**Exercise instructions**.
When the listing below reaches the line that has "Quinqueloculina akneriana f.", start reproducing exactly; stop after the line that has "F&F Carbon Motorabdeckung, 100", and drop the pictures.

**Available records**.

==================================================

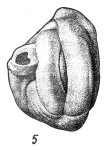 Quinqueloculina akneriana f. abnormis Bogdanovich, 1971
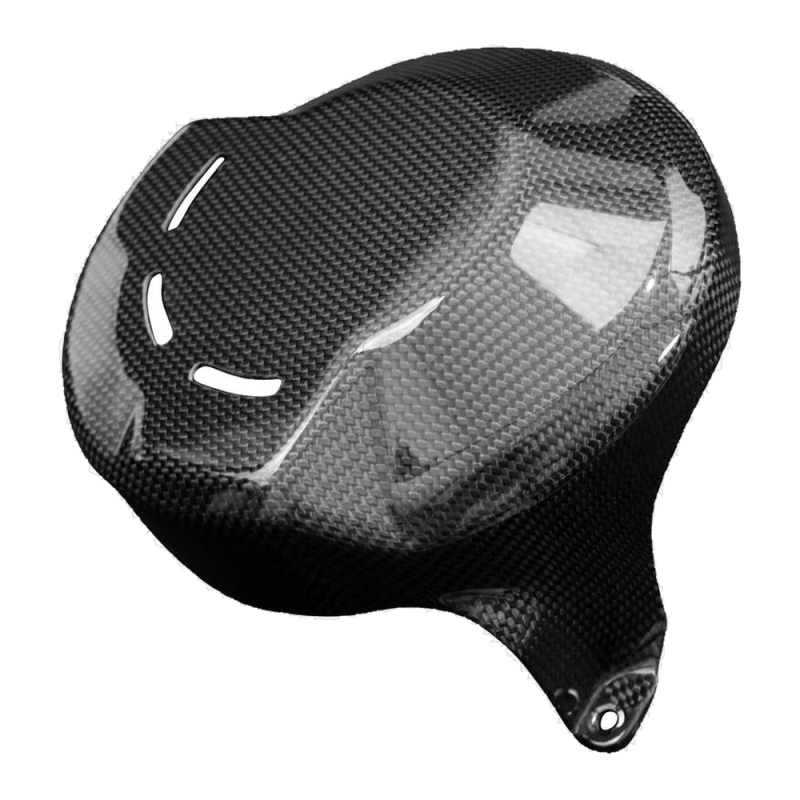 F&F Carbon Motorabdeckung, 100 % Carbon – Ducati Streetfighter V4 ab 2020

==================================================

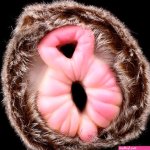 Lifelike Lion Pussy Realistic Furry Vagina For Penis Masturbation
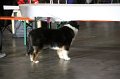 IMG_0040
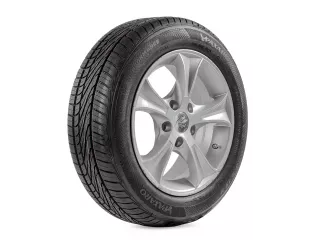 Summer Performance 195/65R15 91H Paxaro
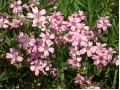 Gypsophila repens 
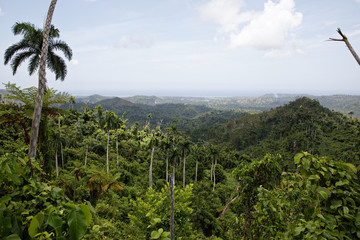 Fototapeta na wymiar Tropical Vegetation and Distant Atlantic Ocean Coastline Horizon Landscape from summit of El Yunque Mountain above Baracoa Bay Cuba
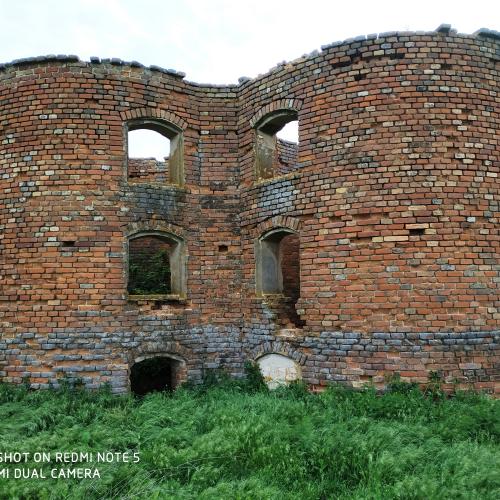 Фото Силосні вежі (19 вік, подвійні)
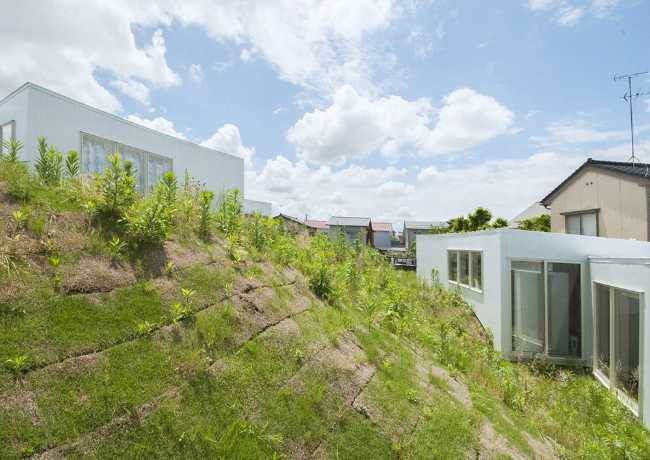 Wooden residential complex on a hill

==================================================

**Exercise result**.
 Quinqueloculina akneriana f. abnormis Bogdanovich, 1971
 F&F Carbon Motorabdeckung, 100 % Carbon – Ducati Streetfighter V4 ab 2020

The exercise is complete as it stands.